La démocratie européenne aujourd'hui, c'est que vous avez le droit d'être d'accord avec les options proposées, mêmes quand manifestement elles ne correspondent nullement à vos aspirations. Vous avez même le droit de ne pas être d'accord, encore que ce soit extrêmement mal vu; mais dans ce cas (et dans votre intérêt, même si vous n'êtes pas capable de le comprendre), on se dispensera de tenir compte de votre opinion, même s'il se trouve qu'elle était majoritaire.
Un projet voué à l'échec
On n'exige pas l'adhésion, on la suscite, ou on la sollicite, mais dans tous les cas, on doit la mériter. Une « démocratie » dans laquelle on va systématiquement à l'encontre de la volonté populaire n'est pas une démocratie, mais une dictature qui avance masquée. Et cela devient de plus en plus clair pour tout le monde.
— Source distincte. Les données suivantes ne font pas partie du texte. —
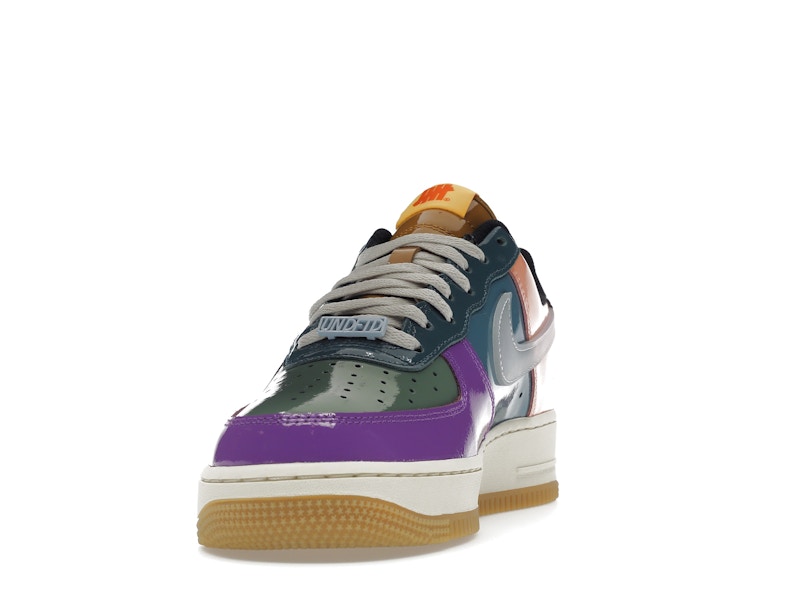 Nike Air Force 1 Low SP Undefeated Multi-Patent Wild Berry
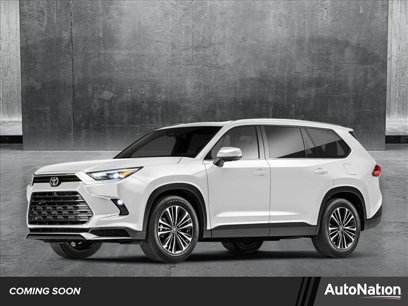 New 2025 Toyota Grand Highlander FWD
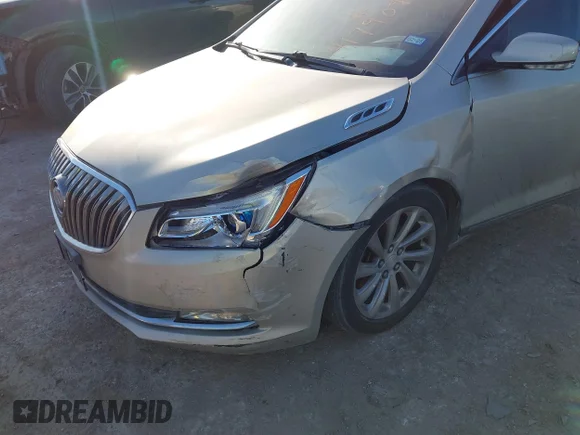 ✅ 2014 Buick LaCrosse Leather • VIN: 1G4GB5G30EF120483 • Лот: 41790919. Опубликован ранее на IAAI с пробегом 134 424 миль. Бесплатный доступ к архиву аукционных продаж из США и подробный отчёт об истории автомобиля на DreamBid. Изображение 6.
Une fois de plus les médias se mettent en quatre pour vanter les mérites de cette grande avancée :
Le traité d'association avec l'Ukraine, principal levier de la politique de soutien de l'Europe à ce pays en proie aux tentatives de déstabilisation de la Russie, n'aurait pu entrer en vigueur définitivement. (Les Echos)
Et pour qualifier les tenants du non de « groupuscules aux accents anti-européens»
Sonné par son échec au référendum d'avril 2016 initié par un groupuscule aux accents anti-européens, Mark Rutte avait cherché la solution auprès de ses camarades du Conseil européen qui l'ont gratifié en décembre 2016 d'une décision qui ne modifiait en rien le traité négocié, mais en précisait l'interprétation. (Les Echos)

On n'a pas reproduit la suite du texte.